Archiving Net Art

Net art archiving from Web 1.0 to 3.0.

What Is Net Art?

Net art is an expansive, hybrid set of artistic practices that overlap with many different types of media and disciplines. It includes not only the critical use of the web as an artistic medium, but also informal practices such as selfies on social media and short-form Twitter/X posts. Annet Dekker (independent curator/researcher) who has written extensively on net art, describes net art as a process rather than a fixed object – a stance on the art form shared by LI-MA. 

Many artists and their works represented online are indispensable to the history of digital art and culture. Yet the web is innately ephemeral, with net artworks and their documentation frequently subject to loss. The insecure access to these materials presents a serious risk to the preservation of digital media art history. What’s more, the rapid obsolescence of the hardware and software these works depend on – as well as their changeable nature and use of proprietary components – make them especially challenging to conserve.

How to Archive Net Art?

There are several ways to archive a website. You could simply save a webpage to your hard drive, use a free online tool such as HTTrack or the Wayback Machine for remote harvesting. However, the best way to comprehensively and accurately capture a work is to use an automated archiving solution that registers every change.

The resulting web archive then becomes a record of the interactions with a net artwork. It may include HTML, JavaScript, images, style sheets, video, audio and other elements which can be aggregated into an archival file (WARC).
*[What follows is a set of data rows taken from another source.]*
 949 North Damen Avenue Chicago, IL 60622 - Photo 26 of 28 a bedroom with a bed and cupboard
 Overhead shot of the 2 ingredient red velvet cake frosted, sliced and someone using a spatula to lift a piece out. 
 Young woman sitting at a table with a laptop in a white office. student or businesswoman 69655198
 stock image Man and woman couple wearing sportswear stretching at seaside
This can provide better context than isolated screenshots and can be generated either on the client or server side of a website. 


  • Transferring website files in original formats (HTML, images, style sheets, etc.)
  • Client-side archiving of websites, which involves crawling websites (see below) with Heritrix (open-source crawling software developed by the Internet Archive), Archive-It and Web Recorder / Conifer (open-source crawling software developed by Rhizome). 
  • Server-side conservation of websites such as ArtHost (see below), developed by LI-MA and Dulltech.
Rafael Rozendaal - Taoyuan museum of fine arts in Taiwan

Where to Archive?

National and international organisations and networks such as the IIPC, NDE, Rhizome and LI-MA have investigated and shared knowledge regarding the best practices for archiving websites – each emphasising their own solutions to different pressing needs. 
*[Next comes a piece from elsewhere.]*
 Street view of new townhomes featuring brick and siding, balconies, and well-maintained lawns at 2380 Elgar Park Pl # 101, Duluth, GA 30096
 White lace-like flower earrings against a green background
On LI-MA’s part, we have researched options for website archiving and preservation since the early 2000s, focusing on the preservation of net artworks – including those dependent on social media platforms – and curating and capturing them in a variety of ways: 

What is Web Crawling? 

The archiving of websites can be done via a technique called remote harvesting or web crawling. This process retrieves web pages (including images, designs, and downloadable documents) from targeted web pages through the use of specialised programs or software. Remote harvesting is done on the front end or client side of a website and creates a snapshot of a site at a particular point in time. Challenges to this approach include difficulties crawling complex sites with dynamic content, the results of which cannot be played back. Most crawling tools, following the international standard, provide archival container files (WARC) as a product.

Although web crawling can be a useful tool for preserving vulnerable digital heritage or identifying changes in a work over time, it is not the best tool for preserving net art works, given the aforementioned concerns surrounding fidelity and exactitude to the source. Works by artists such as JODI, Constant Dullaart or Olia Lialina do not follow the logic of mainstream website structure, and the result of harvesting these sites will therefore not be representative of the original work. Furthermore, crawling a website delivers static information, in the process losing all characteristics related to interactivity and user experience. 
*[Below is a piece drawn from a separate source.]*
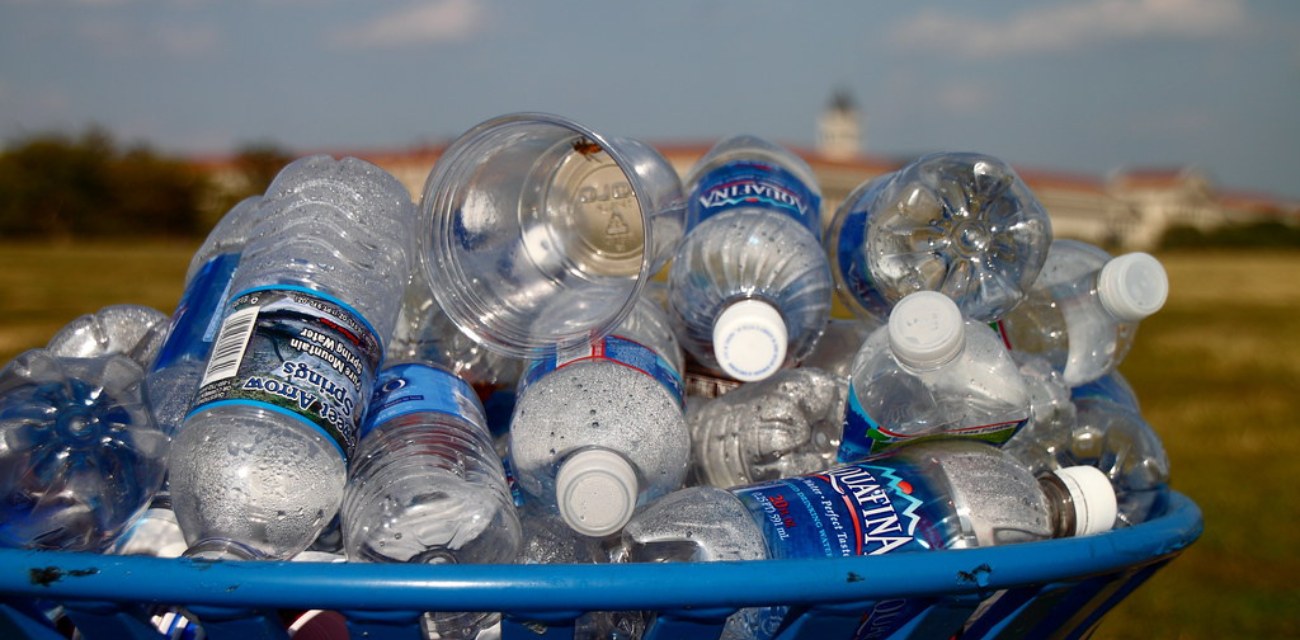 Plastic water bottles nearly overflow a blue trash can.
What is Server-Side Archiving?

Website archiving can also be done on the server side, meaning that one archives the backbone of the website. This includes the source code, documentation and conceptual information that composes a net artwork. To aid in this process, files, documentation and source code can be requested from an artist or institution, or a representative thereof.


client server.JPG


Based on the specific needs of net artworks and their artists – revealed by multiple case studies – LI-MA investigated a hosting service with net art in mind, in collaboration with Constant Dullaart (Artist), Rhizome and NDE. The result, ArtHost, offers server and browser hosting solutions, providing sustainable ways to give access to online artworks, with easy-to-use tools for uploading, ingesting, file checking, documentation and maintenance.